**Task goal:**
All of the data below should be set down again verbatim, without any images.

**Dataset section:**
________________________

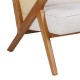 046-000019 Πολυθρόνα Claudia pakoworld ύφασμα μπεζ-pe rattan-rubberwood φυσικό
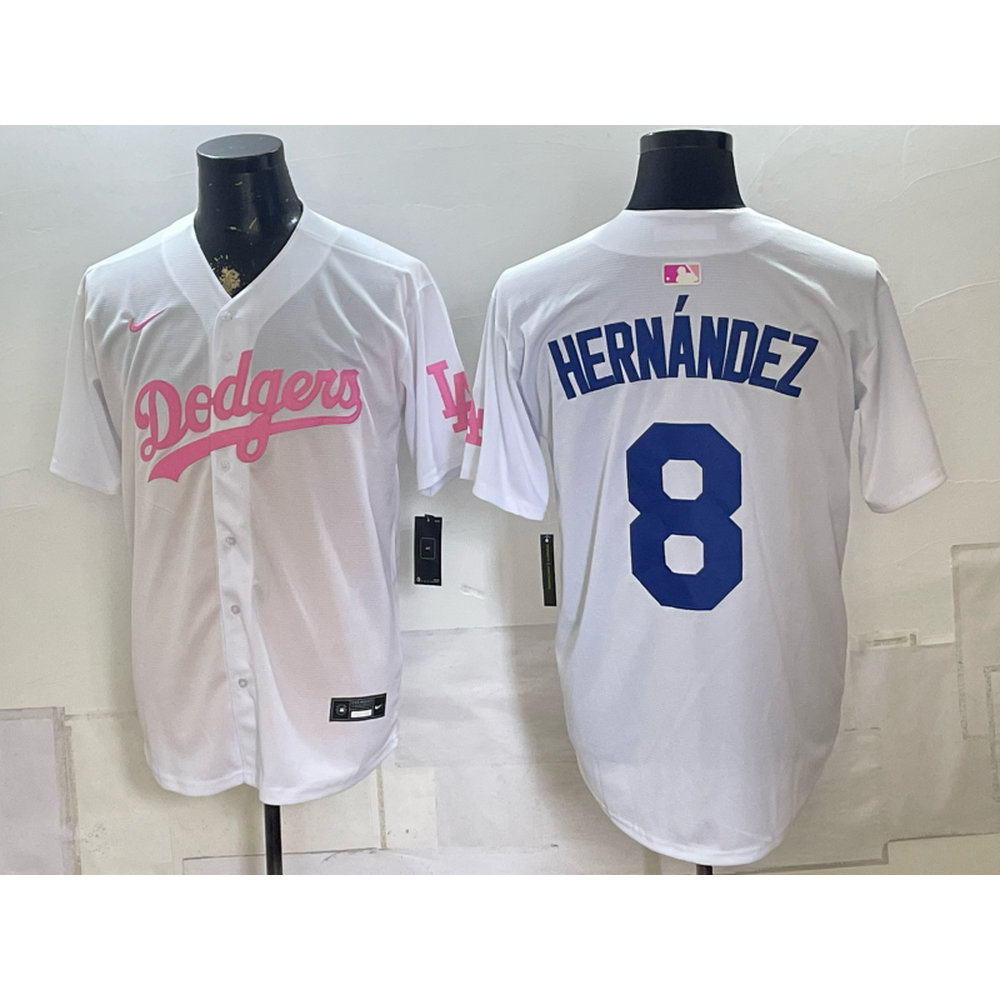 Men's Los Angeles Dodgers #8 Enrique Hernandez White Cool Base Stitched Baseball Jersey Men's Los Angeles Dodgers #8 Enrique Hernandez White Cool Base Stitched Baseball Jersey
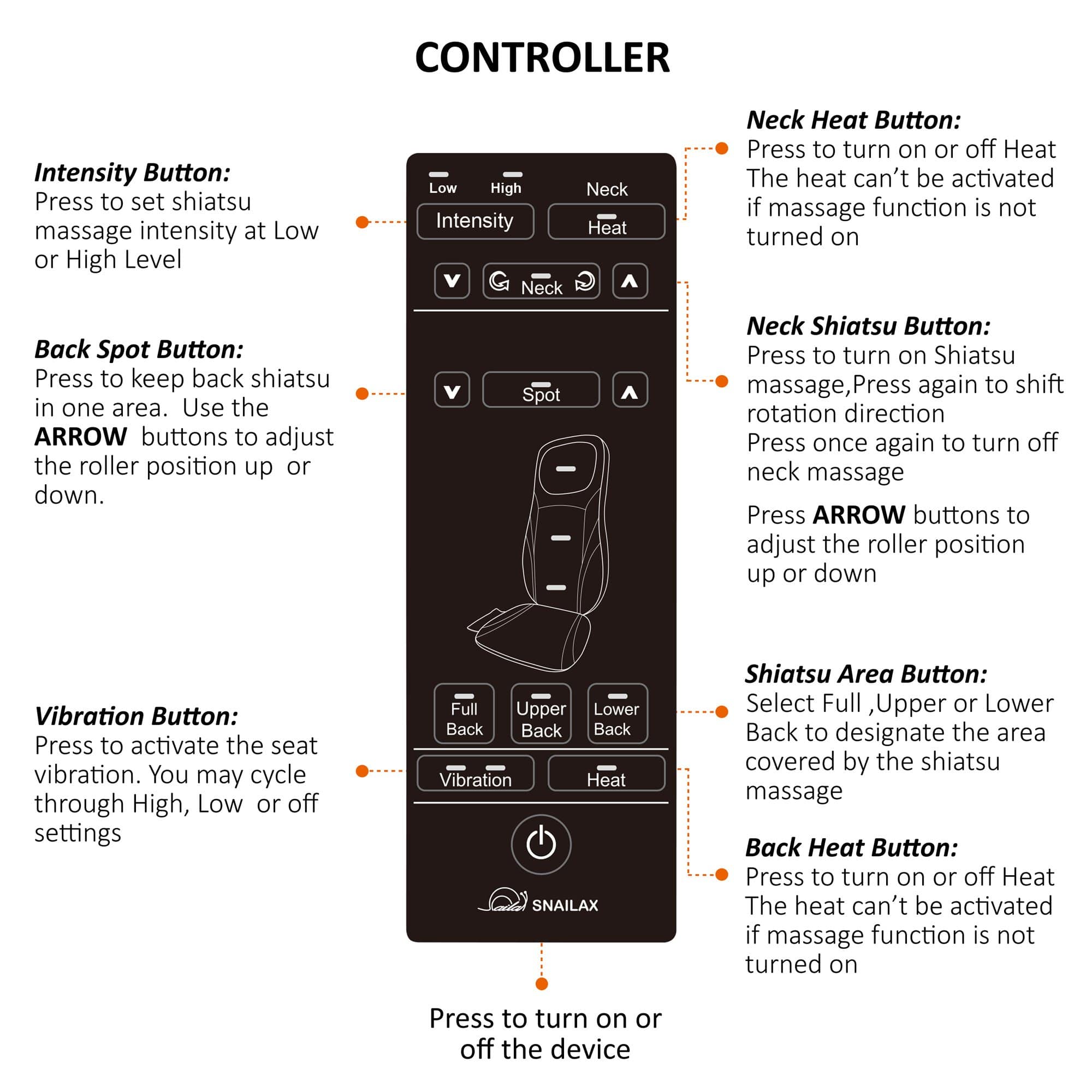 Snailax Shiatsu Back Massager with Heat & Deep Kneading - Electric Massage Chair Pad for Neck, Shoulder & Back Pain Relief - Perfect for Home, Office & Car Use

________________________

**Exercise answer:**
 046-000019 Πολυθρόνα Claudia pakoworld ύφασμα μπεζ-pe rattan-rubberwood φυσικό
 Men's Los Angeles Dodgers #8 Enrique Hernandez White Cool Base Stitched Baseball Jersey Men's Los Angeles Dodgers #8 Enrique Hernandez White Cool Base Stitched Baseball Jersey
 Snailax Shiatsu Back Massager with Heat & Deep Kneading - Electric Massage Chair Pad for Neck, Shoulder & Back Pain Relief - Perfect for Home, Office & Car Use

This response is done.